Web page caption snippets:
▬▬▬

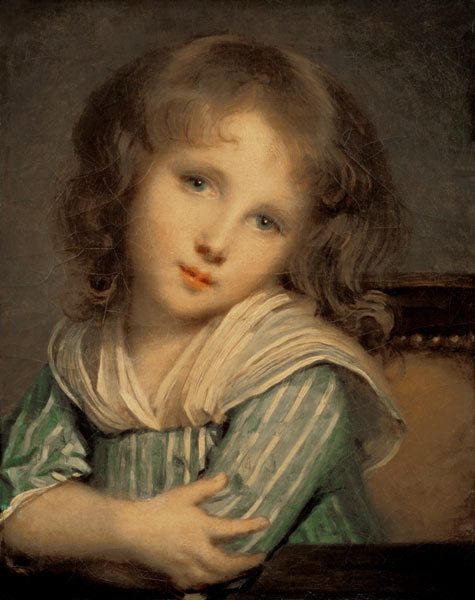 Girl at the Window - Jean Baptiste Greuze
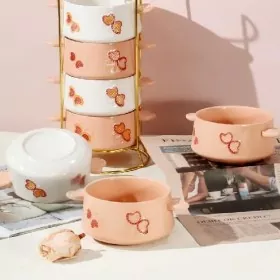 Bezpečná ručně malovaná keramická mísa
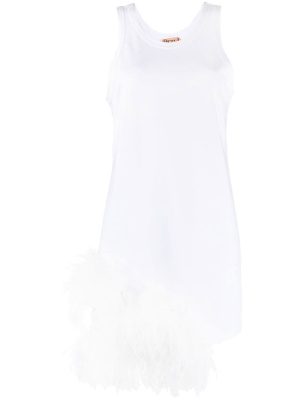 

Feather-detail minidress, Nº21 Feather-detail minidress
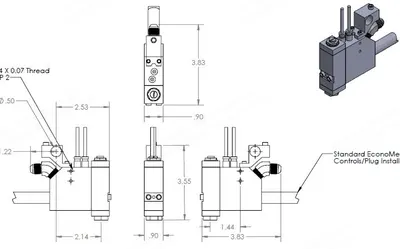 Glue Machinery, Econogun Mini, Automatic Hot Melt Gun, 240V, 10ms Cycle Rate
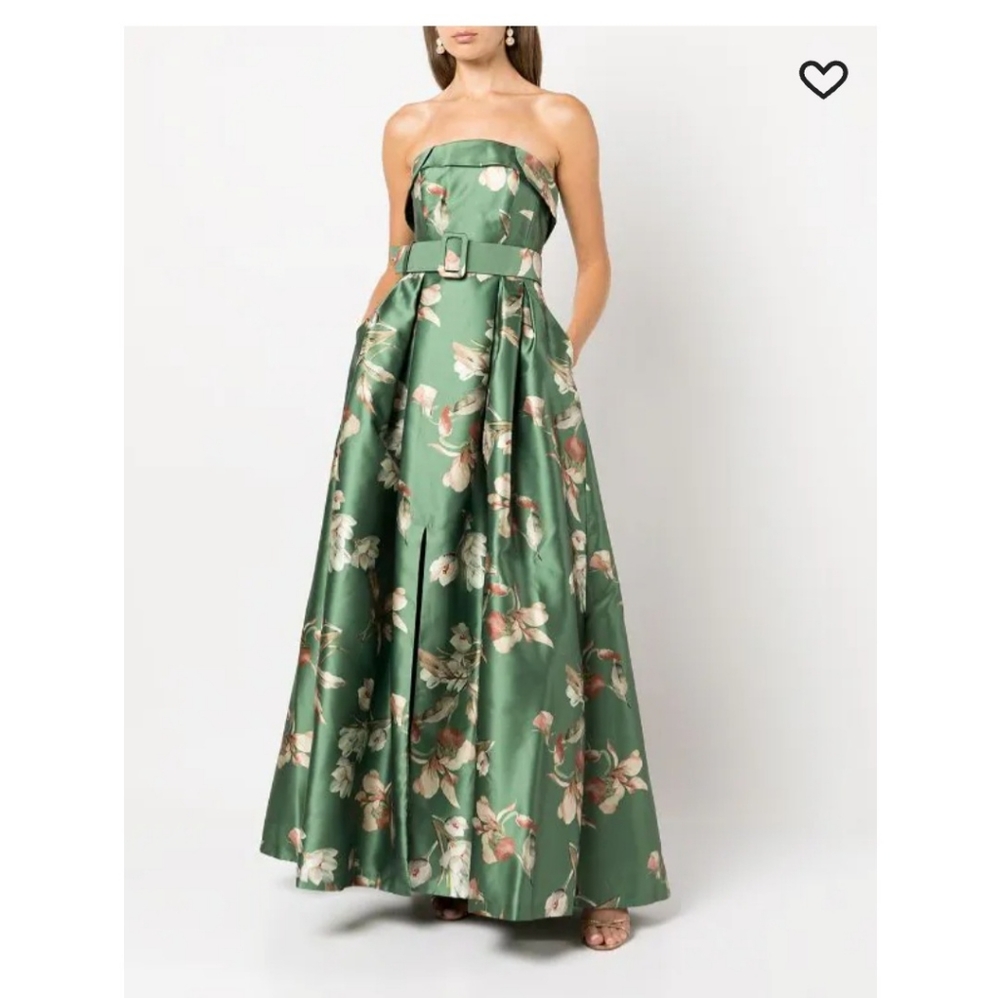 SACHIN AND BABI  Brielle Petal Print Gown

▬▬▬

TASK STATEMENT => Retype the records verbatim, but not their images.

FINAL ANSWER =>
 Girl at the Window - Jean Baptiste Greuze
 Bezpečná ručně malovaná keramická mísa

Feather-detail minidress, Nº21 Feather-detail minidress
 Glue Machinery, Econogun Mini, Automatic Hot Melt Gun, 240V, 10ms Cycle Rate
 SACHIN AND BABI  Brielle Petal Print Gown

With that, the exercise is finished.